Friday, July 3, 2009

Double Negatives

Why is it that every time I wake up early in the morning to work out at the Y, it ends up being the most productive day of the week? This isn’t just a onetime occurrence; I’ve tested it a number of times. For me, summer denotes a vacuum for needed accomplishments: daily devotions, working out, reading, in a sense, productivity. Lying on the couch all day, watching TV does not fall under “productive”. Let it be the dreaded 7am alarm or the faucet I stick my head under to wake up or the sore-inducing workouts: it ends up being worth it. Waking up early to work out is a double negative that somehow becomes positive. Waking up at 7am is painful. Working out is exhausting. Pain and exhaustion…where’s the fun in that? Yet they simultaneously curtail laziness and actuate progress. Some things require more than a briefness of pain; some involve an initial wake-up followed by belated fatigue. Holding on to hope in the face of discomfort brings both a lucid understanding of evil as well as more achievement through our actions. But do we see only negative? Or do we see the positive that could come from standing against the discomfort?

Tuesday, June 23, 2009

Return

It’s been a long couple of weeks. All I feel that I’m doing anymore is scheduling more of my time with work and trips. But there comes a time, like the last couple of weeks, where I actually try to breathe so as to not just go from one busy semester to another busy semester. Thinking about the tough academic schedule I have ahead of me, my work schedule (here and at school), and co-leading a small group next semester is exhausting.

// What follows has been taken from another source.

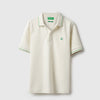 Boys Relaxed Fit Polo Neck Solid T-Shirt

So I come to two not disconnected thoughts after an extended leave from the blogging front. The first comes from paying attention to the whole Iran situation that’s been going on recently. The first condensed looks something like this: Change comes from opposing the majority and having the guts to challenge what hasn’t been challenged before. The second came in a recent conversation (again quite a different matter) I had with a friend: Too many people have accepted Jesus without accepting their failures.

I’ll have to expand later, but I’ll start back into blogging briefly.

Monday, June 8, 2009

Stressors

I’ve always found it interesting the irony in our prayers and the things that happen around us. One of my better friends and I have been praying for each other the last couple of months, and I’ve constantly asked him to pray for struggle in my life in that I will be able to grow. If there’s one thing I hate the most it is spiritual stagnancy, or any form of stagnancy at all. Summer has been rough because I am fighting the fact that I know I should be doing something, while living in a confined spot where there is apparently not much to do. And then in that reclusive state come a streak of irritations that sparks a drive for action. There’s some movie that I watched with the line “stress is the fertilizer for creativity”. Currently I am frustrated with the lack of effective Christianity for me. I see a high number of well-intentioned Christians who are well-read in the Bible who in my observations tend to be conservative religiously (as well as politically). Then there are the more “liberal” Christians who take the effort to be different but sell themselves on Biblical intelligence. It may seem hard to argue with a “love everyone” approach, but believe me it’s not as difficult as it may seem. These stressors are at present my current motivation to be better. Why do we not see more Christians who are both well-read, as well as having the liberal practices that would boost the non-believing world to take Christianity more seriously? So friend (who I believe should be able to pick up on who I refer to), thank you for your constant prayers for trials in my life.